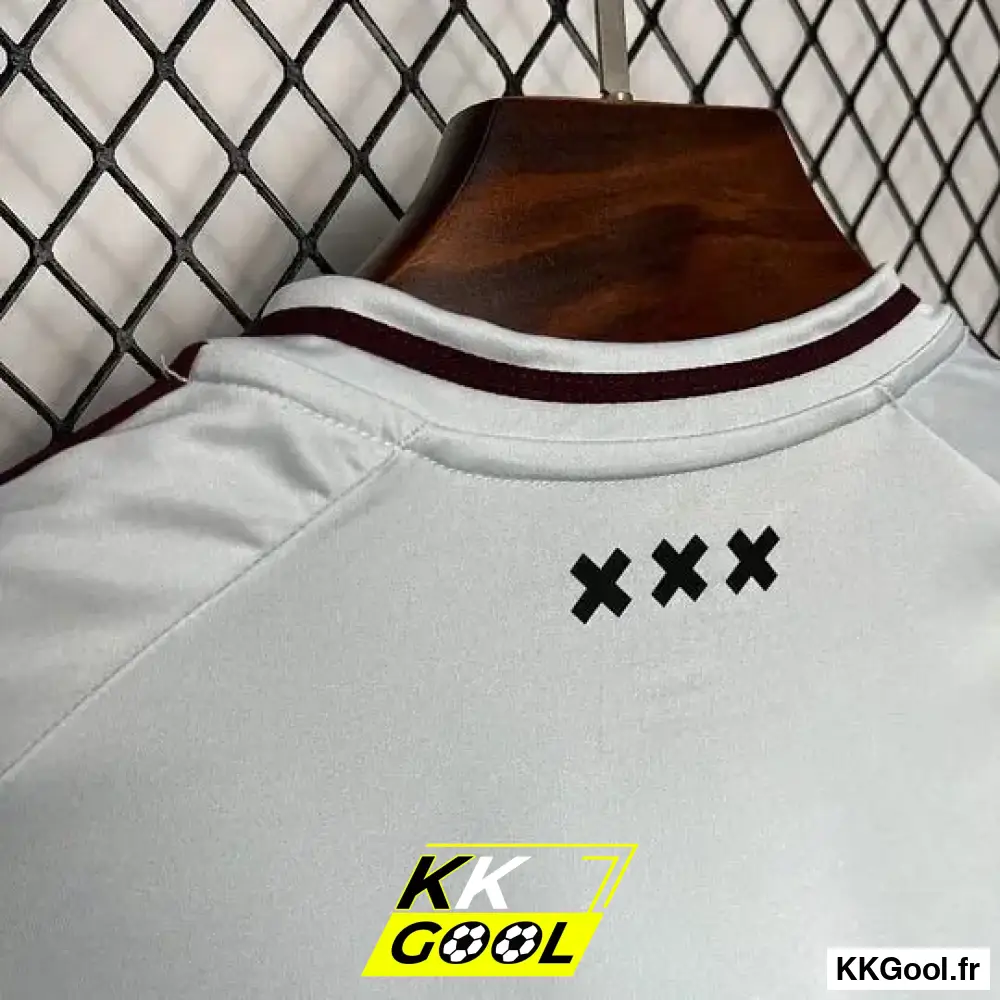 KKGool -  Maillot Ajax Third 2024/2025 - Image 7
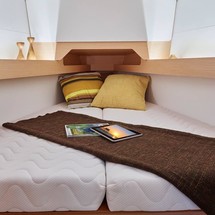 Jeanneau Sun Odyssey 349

==

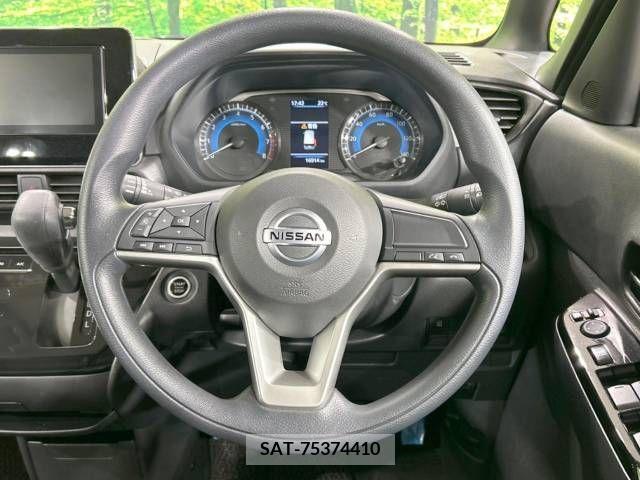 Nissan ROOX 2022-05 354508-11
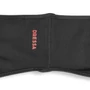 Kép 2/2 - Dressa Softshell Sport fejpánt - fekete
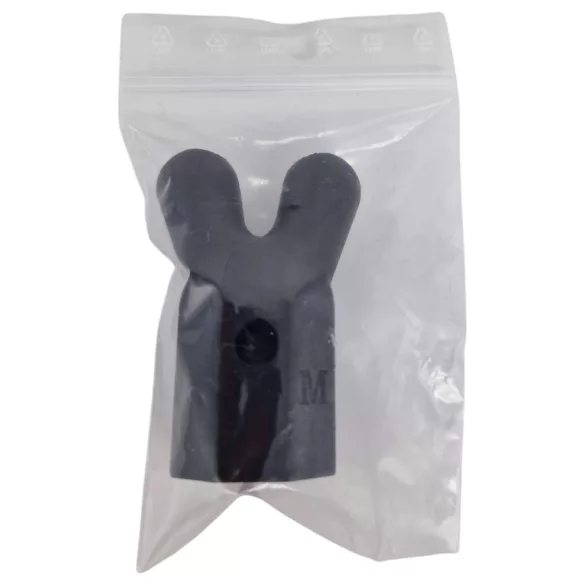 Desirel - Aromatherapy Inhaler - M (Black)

==

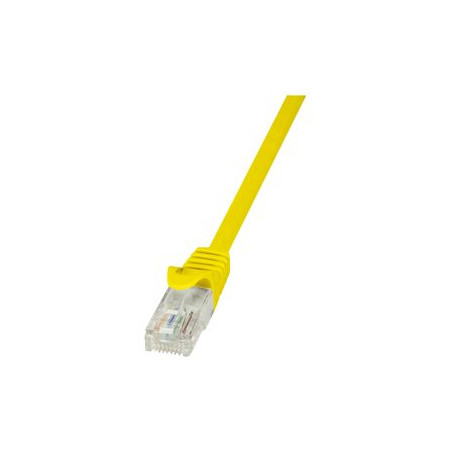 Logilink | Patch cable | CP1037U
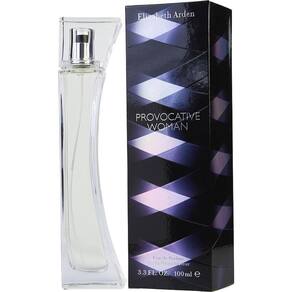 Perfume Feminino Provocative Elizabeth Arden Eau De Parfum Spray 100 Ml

### TASK TO COMPLETE
Nothing but the lines above from the line with "Nissan ROOX 2022-05 354508-11" up to and including the line with "Desirel - Aromatherapy Inhaler - M (Black)" should be returned, exactly as written and without pictures.

### YOUR SOLUTION
 Nissan ROOX 2022-05 354508-11
 Kép 2/2 - Dressa Softshell Sport fejpánt - fekete
 Desirel - Aromatherapy Inhaler - M (Black)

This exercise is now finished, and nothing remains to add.